--- RECORDS SUPPLIED Enclosed Below ---

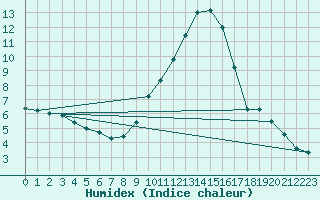 Courbe de l'humidex pour Ble / Mulhouse (68)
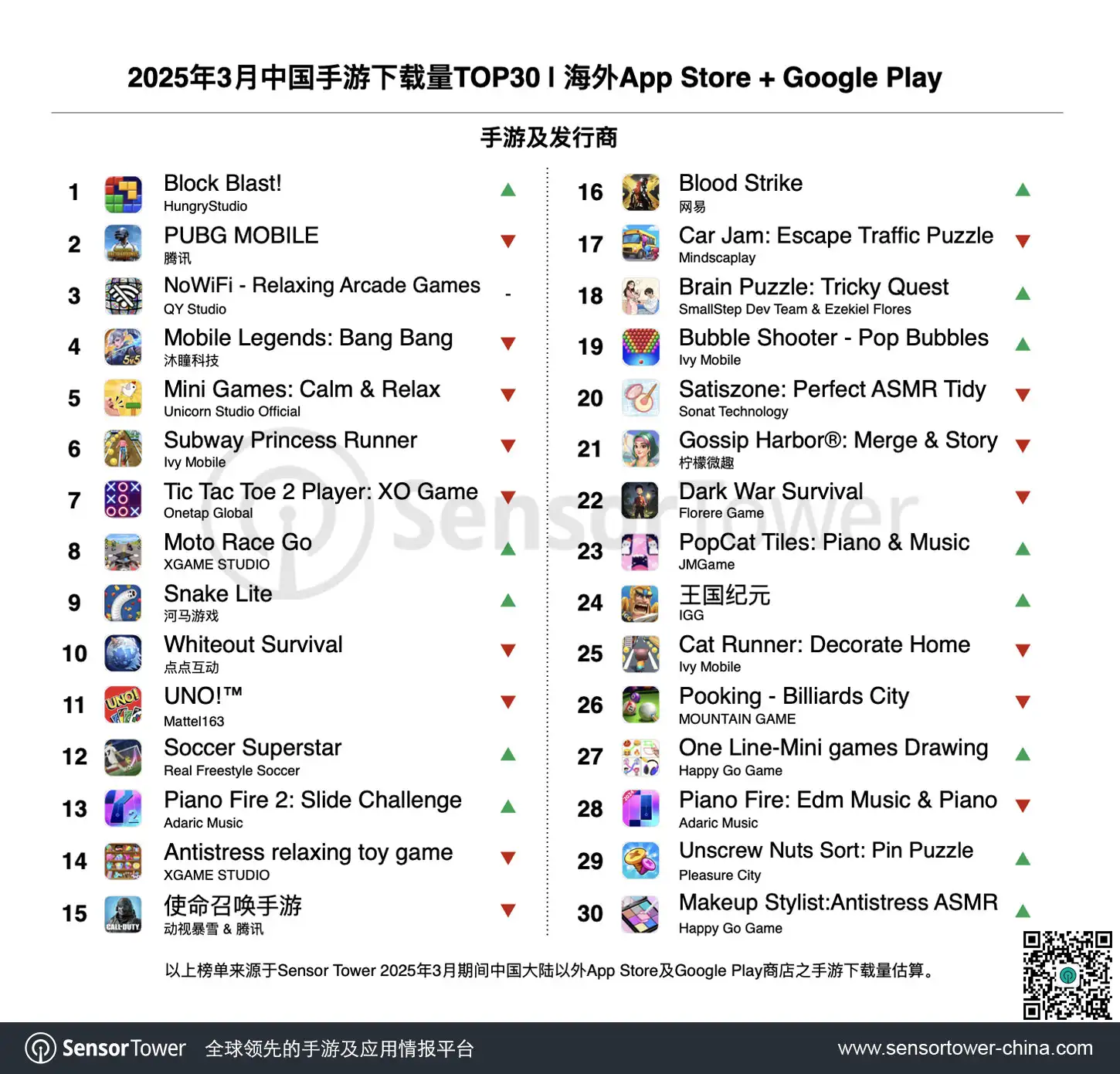 2025年3月成功出海的中国手游-chart-3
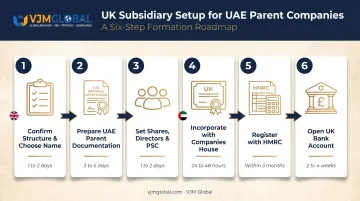 6-step UK subsidiary incorporation process from naming to bank account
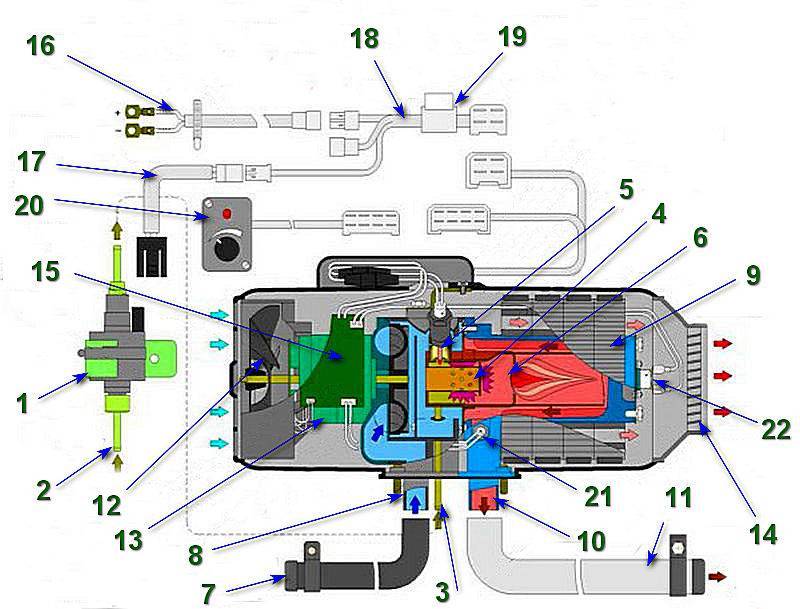 Планар 24 вольта ошибки. Отопитель воздушный Планар 4д 24 схема. Схема подключения отопителя Планар 4дм-24. Отопитель салона Планар 2д-12. Автономная печка Планар 4.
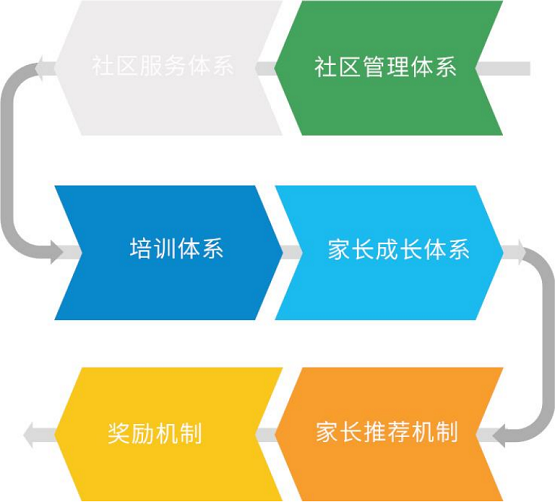 共享K12教育赛道红利，方直科技LinKid英语产品实现OMO模式变革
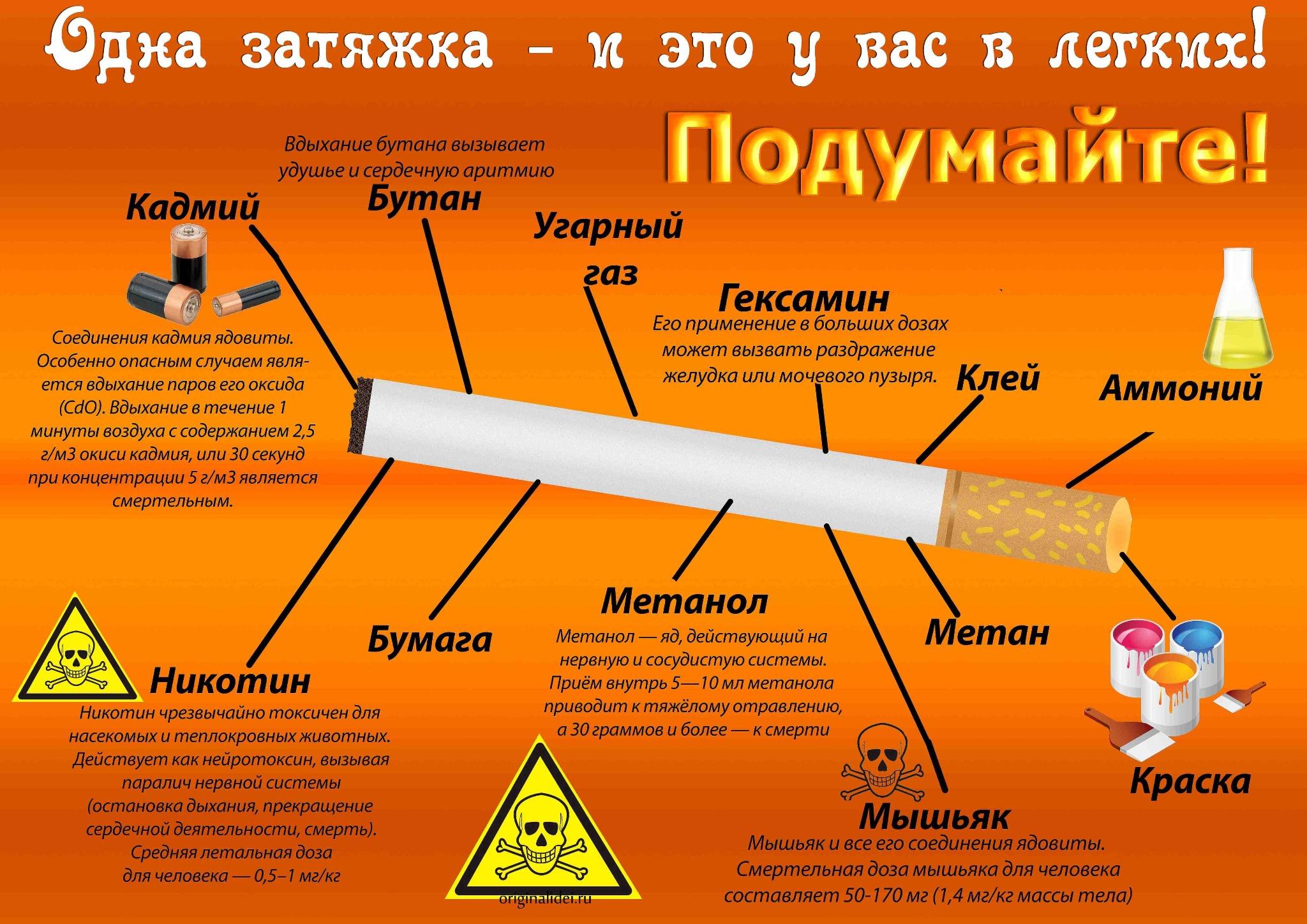Против курения
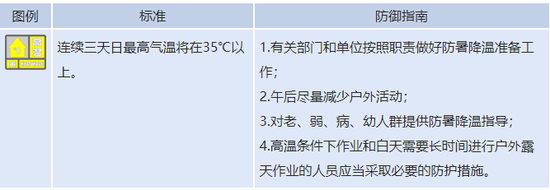 連續(xù)8天氣溫都是35℃+!濟(jì)南的童靴們,保重吧!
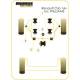Renault Clio including 16v & Williams Powerflex Front Anti Roll Bar Outer Mount PFF60-205BLK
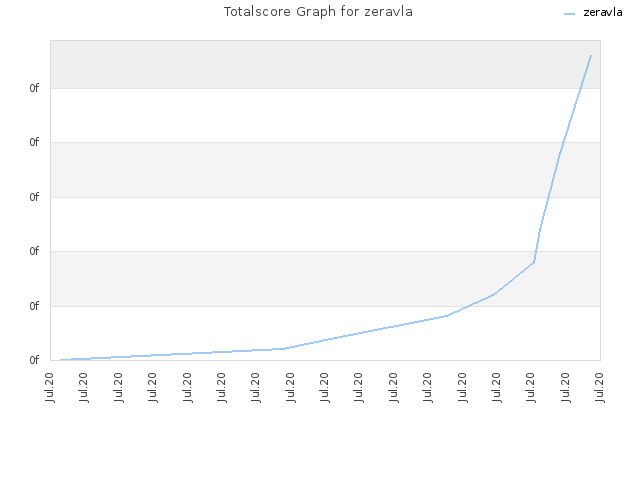 Totalscore Graph for zeravla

--- End of Enclosed RECORDS SUPPLIED ---

▸ **TASK DIRECTIONS**
From the entries above, copy exactly the lines starting at the one with "2025年3月成功出海的中国手游-chart-3" and stopping at the one with "Планар 24 вольта", keeping both ends. Drop the pictures.

▸ **TASK RESPONSE**
 2025年3月成功出海的中国手游-chart-3
 6-step UK subsidiary incorporation process from naming to bank account
 Планар 24 вольта ошибки. Отопитель воздушный Планар 4д 24 схема. Схема подключения отопителя Планар 4дм-24. Отопитель салона Планар 2д-12. Автономная печка Планар 4.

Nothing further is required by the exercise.